Management consultancy and researcher the Concours Group interviewed chief information officers at leading blue chip companies in Europe and the US, and found that firms are reluctant to use ASPs for anything more than niche tasks.

"Some companies are taking large applications, such as customer relationship management (CRM) and human resources (HR) and putting those on ASPs," said Ed Roche, systems management consultant at the Concours Group.

"But I have yet to find a company that is willing to take a core IT process and put it on an ASP. They just can't do it in terms of risk of failure and the uncertainties involved with the model," he added.

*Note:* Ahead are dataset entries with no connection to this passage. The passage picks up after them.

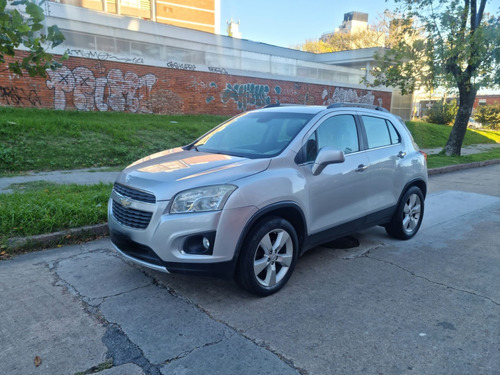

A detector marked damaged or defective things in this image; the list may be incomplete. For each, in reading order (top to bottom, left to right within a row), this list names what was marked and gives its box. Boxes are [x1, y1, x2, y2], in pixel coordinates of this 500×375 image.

crack in pavement [368, 256, 500, 308]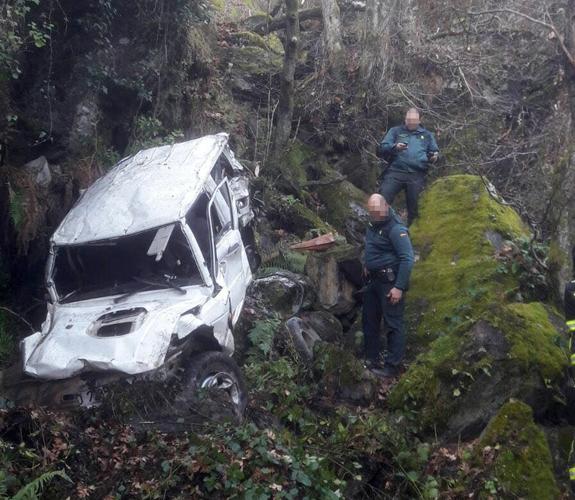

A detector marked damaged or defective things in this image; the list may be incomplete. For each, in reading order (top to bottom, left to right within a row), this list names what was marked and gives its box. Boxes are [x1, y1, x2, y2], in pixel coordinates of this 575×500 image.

crushed vehicle roof [52, 132, 232, 243]
shattered windshield [51, 225, 204, 302]
wrecked white van [16, 133, 258, 414]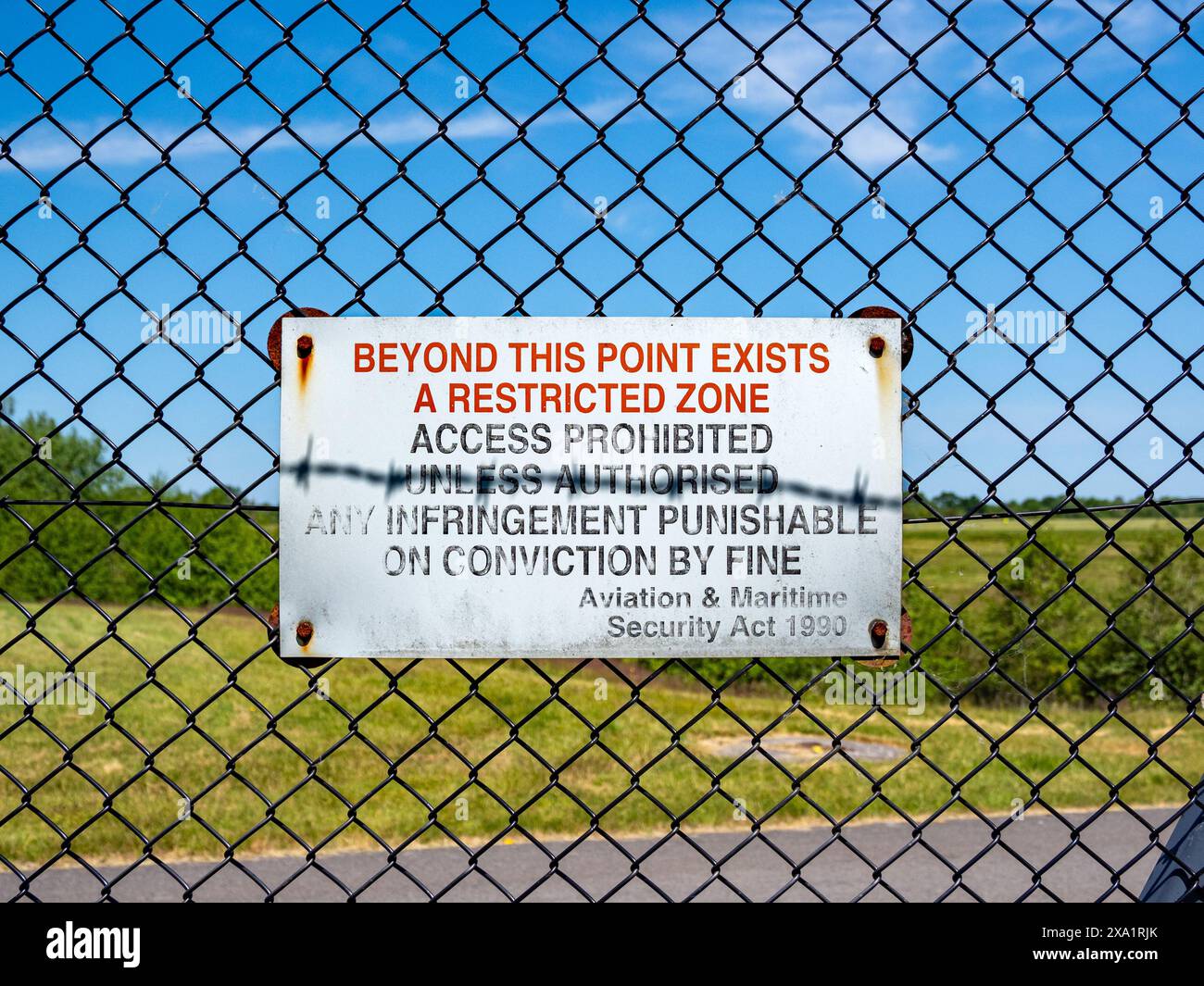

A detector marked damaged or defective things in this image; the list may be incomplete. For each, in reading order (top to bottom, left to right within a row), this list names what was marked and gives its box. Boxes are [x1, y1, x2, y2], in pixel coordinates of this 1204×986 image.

rusty bolt [867, 618, 885, 652]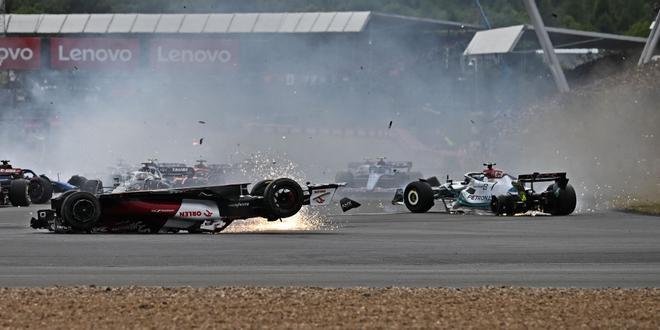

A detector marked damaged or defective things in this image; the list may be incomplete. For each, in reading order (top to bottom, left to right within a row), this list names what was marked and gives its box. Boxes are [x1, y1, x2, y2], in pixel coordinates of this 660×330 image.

overturned racing car [30, 177, 358, 233]
crashed formula 1 car [29, 177, 360, 233]
crashed formula 1 car [394, 163, 576, 217]
overturned racing car [394, 163, 576, 217]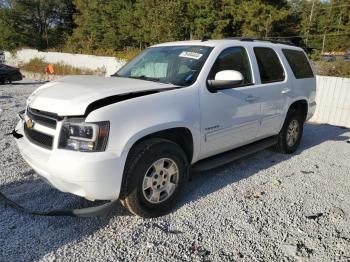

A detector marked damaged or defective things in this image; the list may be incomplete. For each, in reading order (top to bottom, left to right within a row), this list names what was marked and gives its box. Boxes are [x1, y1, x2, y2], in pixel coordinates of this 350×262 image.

damaged hood [28, 74, 175, 115]
cracked headlight [58, 118, 109, 151]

Oracle and PeopleSoft HR packages are proving popular ASP services, said Roche, but the scale of integrating systems with CRM is proving too large for many companies to go down that route.

"I'm frankly not convinced it is going to fly as easily as HR. The CRM processes are so intimately connected with the information inside the company, it's difficult to imagine how the integration will take place," Roche said.

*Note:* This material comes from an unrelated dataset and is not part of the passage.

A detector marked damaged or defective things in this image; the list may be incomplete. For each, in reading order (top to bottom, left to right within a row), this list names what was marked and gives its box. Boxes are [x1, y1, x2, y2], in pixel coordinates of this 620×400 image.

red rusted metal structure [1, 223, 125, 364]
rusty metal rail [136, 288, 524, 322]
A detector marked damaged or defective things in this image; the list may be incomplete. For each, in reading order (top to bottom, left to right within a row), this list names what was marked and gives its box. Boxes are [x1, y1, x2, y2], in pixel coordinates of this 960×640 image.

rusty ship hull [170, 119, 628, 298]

"What if one side or the other decides to go to a new version of the software. Who pays for it and how do you do troubleshooting? Typically, companies risk underestimating the cost of integration," he explained.

The public internet infrastructure is not yet robust enough to support a mass adoption of ASPs and guarantee availability for their users, said Roche, but improvements in optical and high-bandwidth switches is slowly changing this.